Ein Polizist begleitet uns ins Haus und bittet um Diskretion. Wir verschwinden nach drinnen. Kurz darauf verschwinden die Autos. Und die Blaulichter.
Nachdenklich gehe ich zu Bett. Ich frage mich, was heute nur in unserer Nachbarschaft passiert ist. Mein Blick wandert hinüber zum Haus der Leonhardts. Dort lag es alles ruhig. Zum Glück. Ein kleines Licht brannte in der Küche. Ansonsten war alles dunkel und wieder unheimlich still.

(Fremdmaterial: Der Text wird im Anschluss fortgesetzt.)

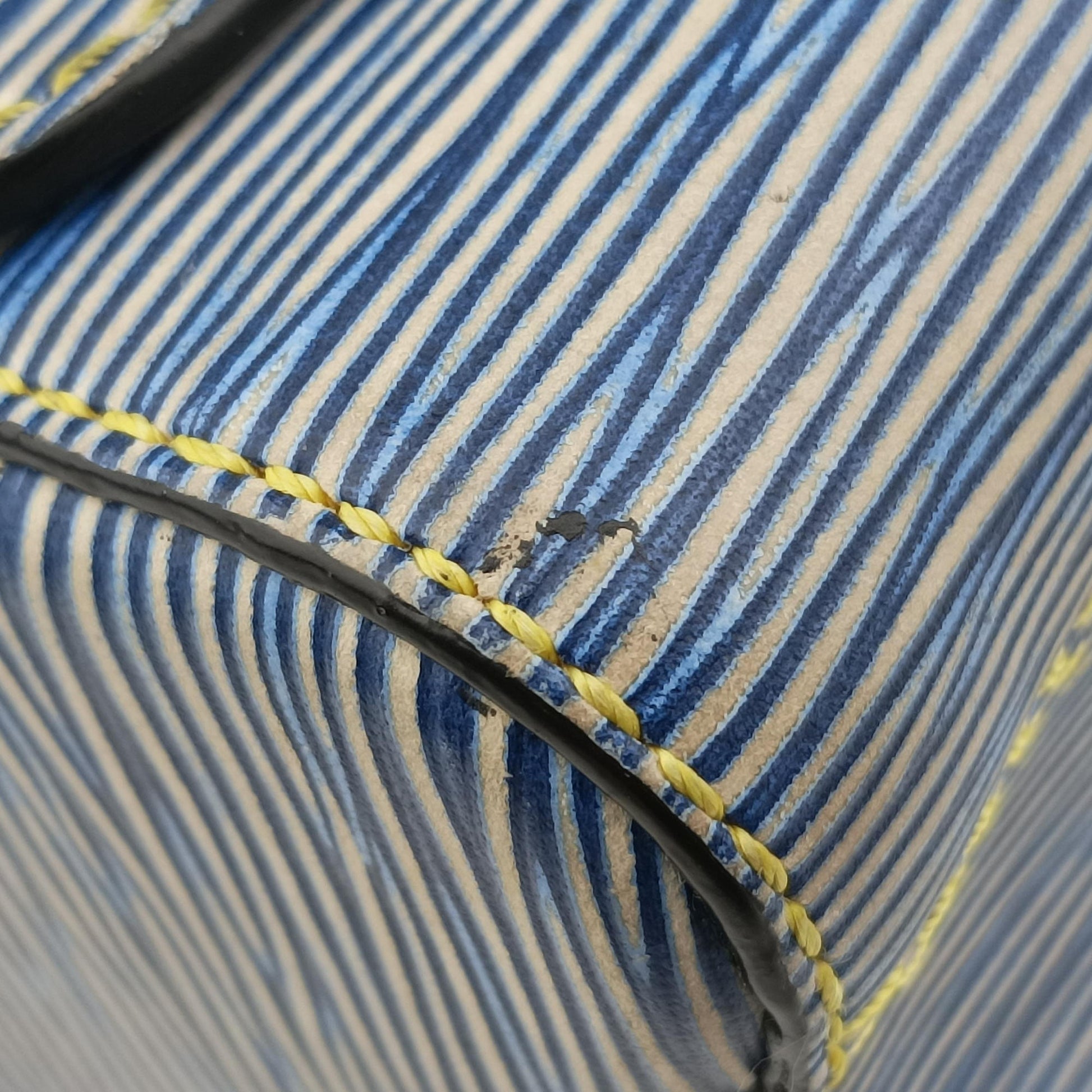 Portefeuille Twist Denim blue Epi M61036 SR0165ツイスト デニムブルー エピ M61036 SR0165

Früh am Morgen wache ich von lauten Geräuschen auf. Türen, die zugeknallt werden. Dumpf, aber laut. Augen reibend setze ich mich auf und schaue aus dem Fenster, wo der Lärm her kommt. Jacob und Sina steigen gerade ins Familienauto. Frau Leonhardt wirft mit ausdruckslosem Gesicht die Tür zu. Das Auto sieht sehr vollgepackt aus. Ein Anhänger ist hinten angehängt. Auch dieser ist sehr vollgepackt. Neben der Einfahrt steht ein großes Möbelauto. Sieht gemietet aus. Ramona fährt los, kaum dass ihr Mann vor die Haustür getreten ist. Das Möbelauto folgt ihr. Bedrückt schaut Kris ihr hinterher. Mein Blick wandert zu den Fenstern. Die Wohnung sieht leer aus. Sehr leer. Kaum noch etwas ist drin. Kurz darauf schnappt sich Kris eines der Fahrräder und verschwindet ebenfalls.

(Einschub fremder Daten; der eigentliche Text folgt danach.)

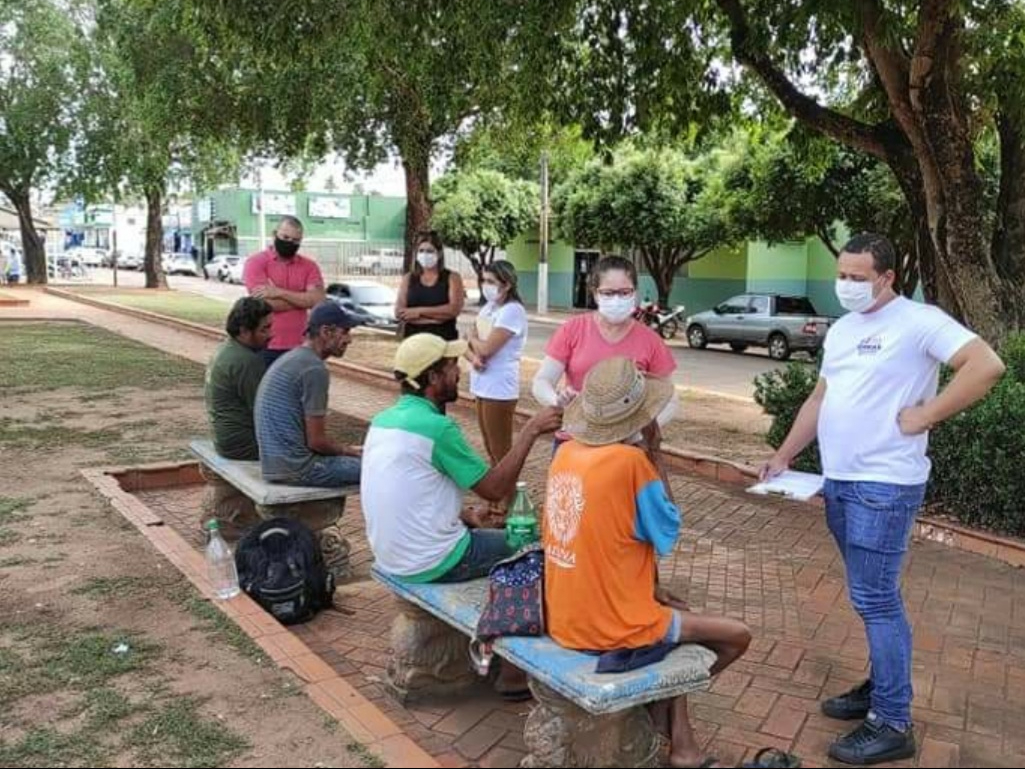 Assistência Social de Coxim atende cidadãos nas Praças do Flutuante e Silvio Ferreira. Foto: Divulgação.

Als ich im nächsten Sommer wieder komme, steht das Haus noch immer leer. Weder Kris noch Ramona sind je wieder da gewesen. Nebenan bei Gross‘ sind neue Nachbarn eingezogen. Mindi sitzt noch im Gefängnis. Larissa Dachmann lebt alleine in dem riesigen Haus mit dem ehemals so schönen Rosenbeet, welches nun traurig aussieht. Meine Eltern erzählen mir, dass man die Kiesels immer noch regelmäßig streiten hört und er die Scheidung eingereicht hat.
Ich dachte immer unsere Nachbarschaft sei filmreif. Was genau alles vorgefallen ist, weiß ich nicht, aber nun habe ich das Gefühl, wir sind die einzige glückliche Familie hier.